3. The panelists recounted what Star Wars means to them, and for each, it’s something different.
“For me it’s the fact that Star Wars is magical, Star Wars is an adventure,” said Katie Cook. “There is some character that you have found that is the person you latch onto. ‘This is me, this is who I relate to.’ It really connects you to the story.”
Timothy Zahn cited the originality of Star Wars as being particularly powerful. “It’s the overall feel of the universe. A unique combination of friendship, love, loyalty, danger, humor, adventure. It’s a mix that no one had seen before George Lucas put that Star Destoyer across the top of the screen, and coming back to that universe is just a joy every time I do it.”
4. E.K. Johnston, writer of the acclaimed, Padmé-handmaiden-centric Queen’s Shadow, has a surprising choice for favorite character to write.
“I thought for sure that Sabé would the character that I liked writing the most, but it turns out the character I like writing the most is Palpatine,” she said with a laugh. “Because you just imagine the worst thing that anyone would do, and then do that.” Johnston discussed the warm reaction to Queen’s Shadow, and remains thrilled that she had the chance to write it. “I feel like we waited 20 years for this book,” she said.
5. Thanks to Lucasfilm’s Star Wars: Galaxy’s Edge books and comics, many of the panelists helped define the history of the new Star Wars-themed land at Disney Parks.

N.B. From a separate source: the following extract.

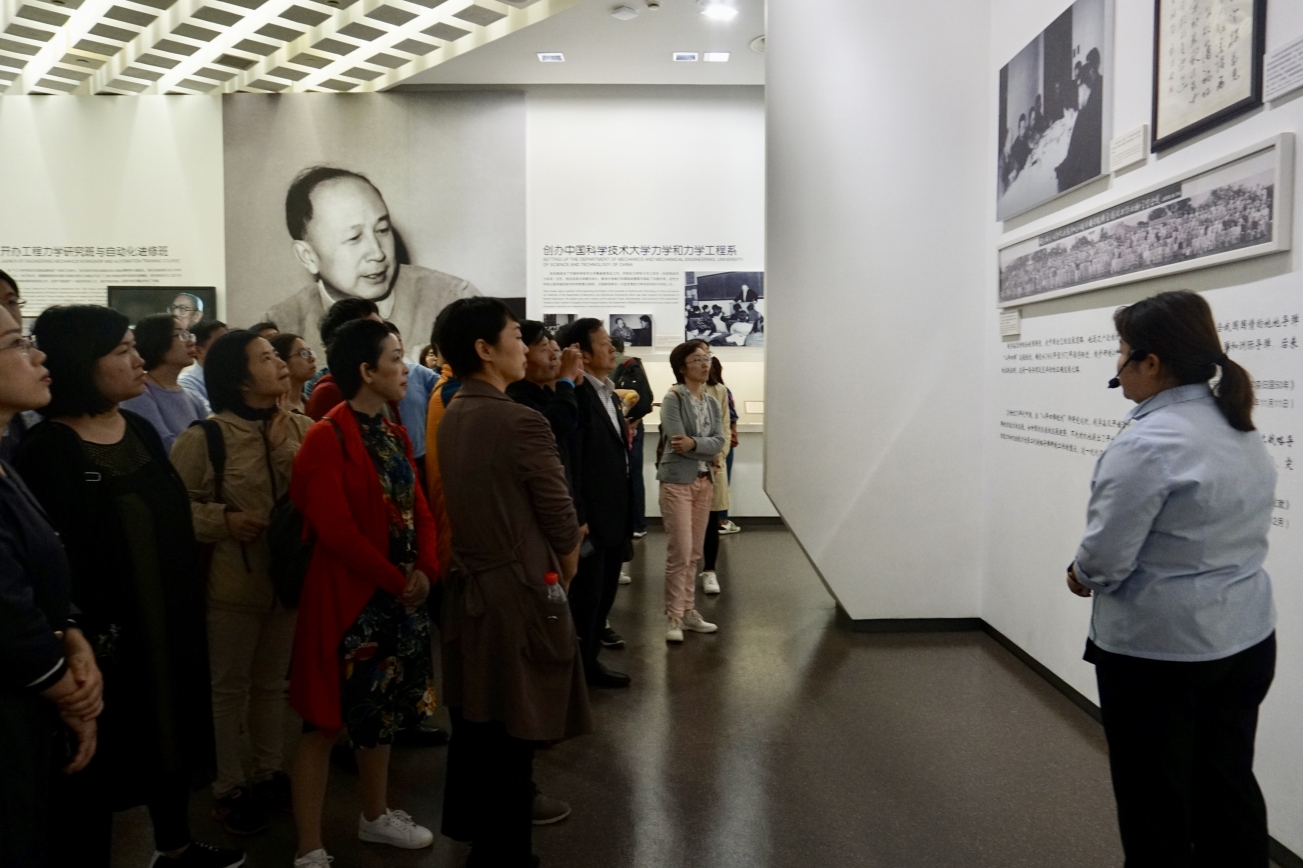 聆听工作人员现场讲解 聆听工作人员现场讲解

“I was just at Galaxy’s Edge this Monday and Tuesday,” Lou Anders said. “And it was the hardest thing I’ve ever done in my life, to stand in that line of hundreds of people, and not scream, ‘I wrote the book about this ride…so let me go to the front!’”
Zahn seemed especially pleased that there’s blaster fire in Oga’s Cantina — a detail that stems from his latest Thrawn trilogy. For Zorida Córdova’s new A Crash of Fate, which is set on Batuu, she wanted direct connections. “I really wanted to include all of the things you’re going to be able to experience. The drinks, the animals, the market,” she said. “All of that research was really fun.”
“6. In Journey to Star Wars: The Rise of Skywalker’s Force Collector, Kevin Shinick strove to present a feeling of mystery — one pulled from when we didn’t know a galaxy far, far away.
“What I wanted to do was try to capture that feeling of not knowing Star Wars, not knowing who the Jedi were,” he said. As such, Force Collector is set on a world with fewer resources in terms of historical knowledge, which propels the story’s protagonist on his adventure. When the main character touches an object, Shinick explained, he can see its history; his grandmother believes he may be Force-sensitive, and encourages him to head out on his own. “She’s like, ‘I think if you go out into the world…life will teach you the way.’”
Here’s a quick look at more covers and interiors that were revealed:
Well, there you have it! An immense amount of literature will be gracing our shelves in the coming months. Whether you want to read the paperback version of Cavan Scott’s audiobook, “Dooku: Jedi Lost” or read “Star Wars: Creatures Big & Small” to your children, the SDCC Star Wars publishing panel has it all!